#### Supplied data

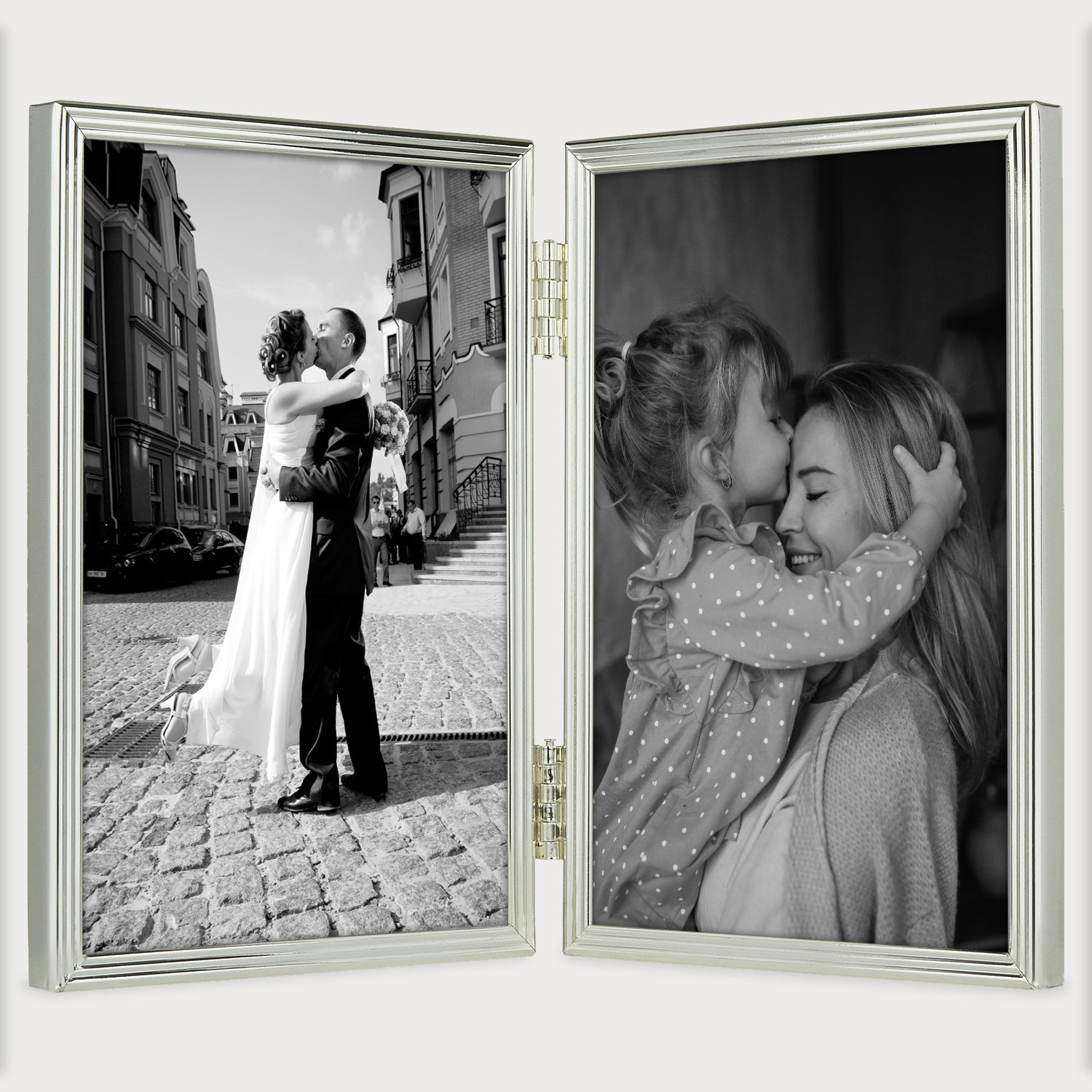 An image of Siena Narrow Grooved Silverplate Double Frame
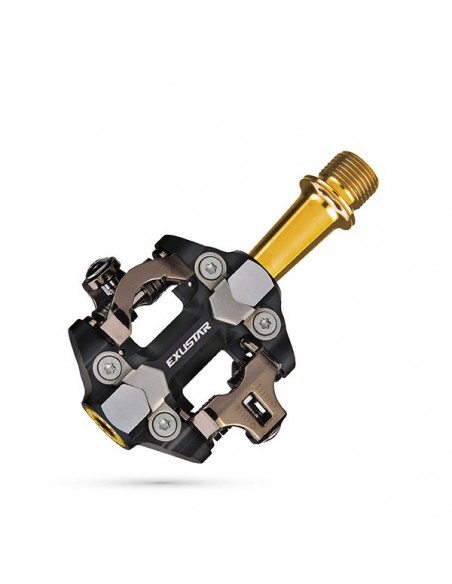 Pedali MTB Exustar PM 215 TI spd  TITANIO Gold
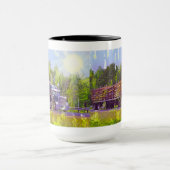 トラック運転手の大きい装備のドライブインの飲むマグ マグカップ (中央)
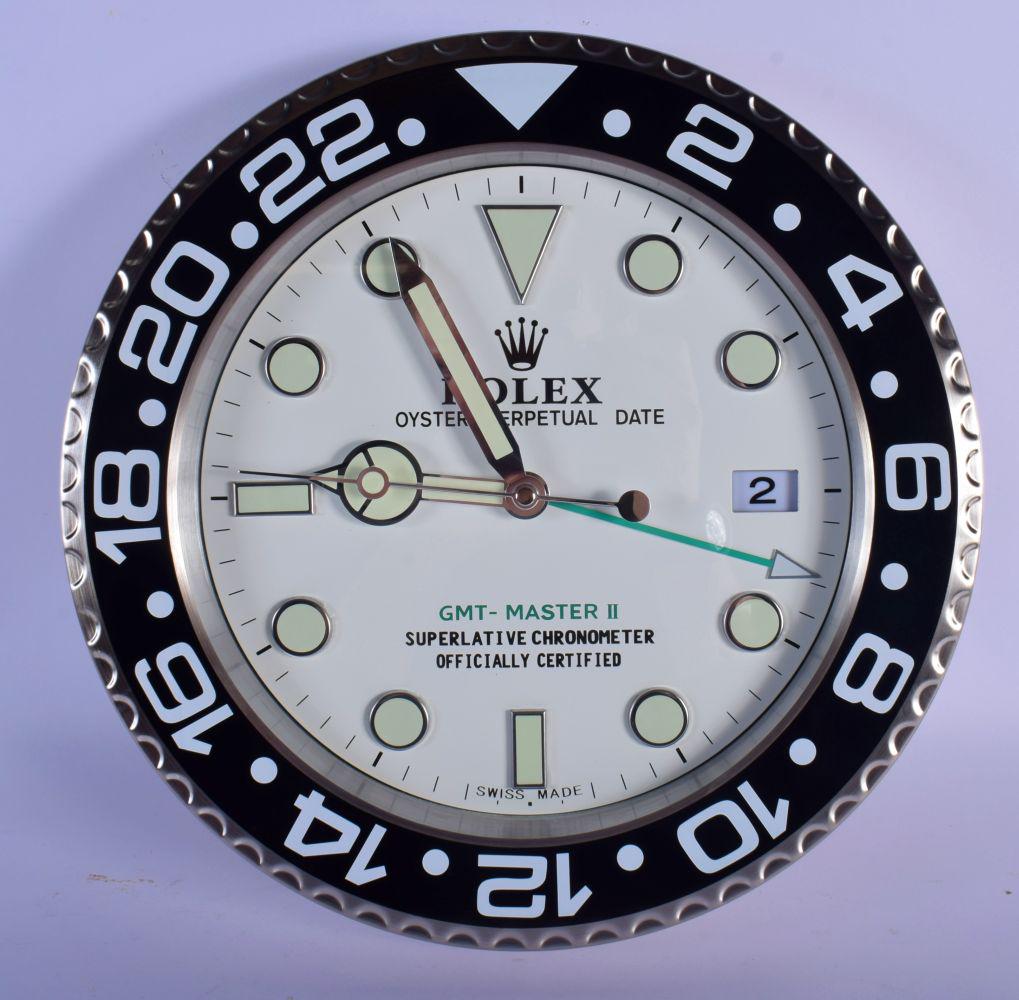 A ROLEX ADVERTISING DEALER DISPLAY HANGING WALL CLOCK. (1 of 2)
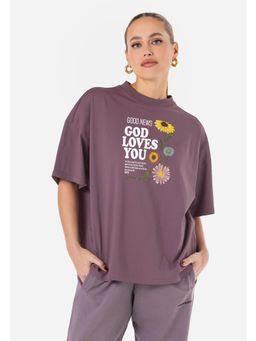 Twenty Dresses by Nykaa Fashion - Mauve Typography Oversized T-Shirt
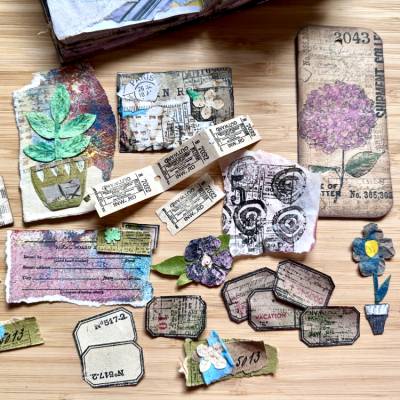 Junk Journal Deko Set – Botanisch Vintage | 20 handgemachte Ephemera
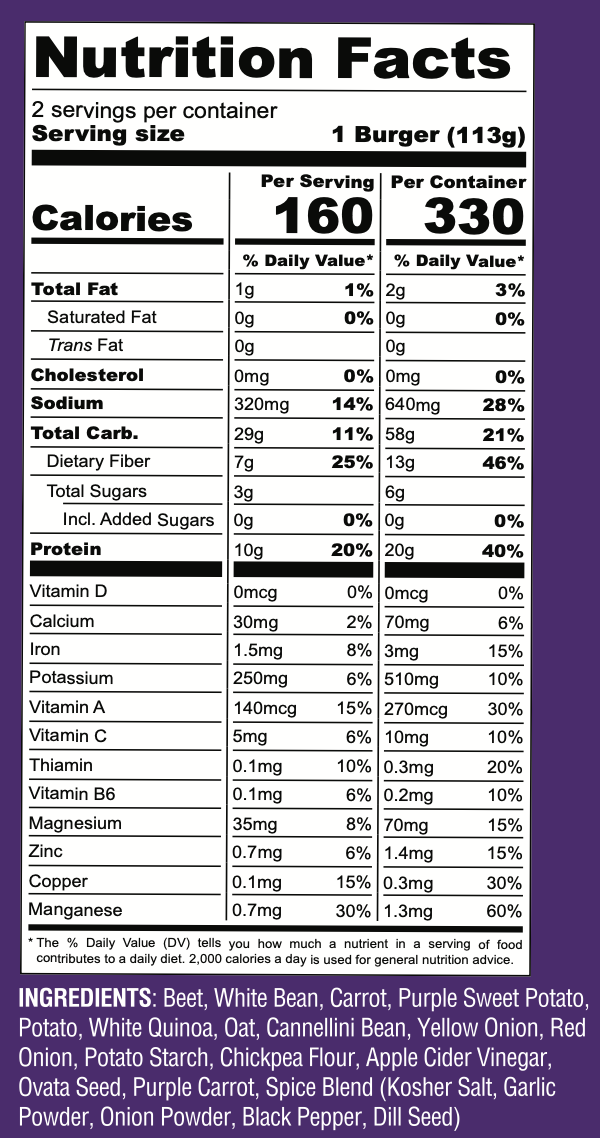 Purple Roots Veggie Burger- 8 Burgers Total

########

■ **Goal of the exercise**: An exact copy of the entries, without any pictures, is what the answer should be.

■ **Exercise solution**:
 An image of Siena Narrow Grooved Silverplate Double Frame
 Pedali MTB Exustar PM 215 TI spd  TITANIO Gold
 トラック運転手の大きい装備のドライブインの飲むマグ マグカップ (中央)
 A ROLEX ADVERTISING DEALER DISPLAY HANGING WALL CLOCK. (1 of 2)
 Twenty Dresses by Nykaa Fashion - Mauve Typography Oversized T-Shirt
 Junk Journal Deko Set – Botanisch Vintage | 20 handgemachte Ephemera
 Purple Roots Veggie Burger- 8 Burgers Total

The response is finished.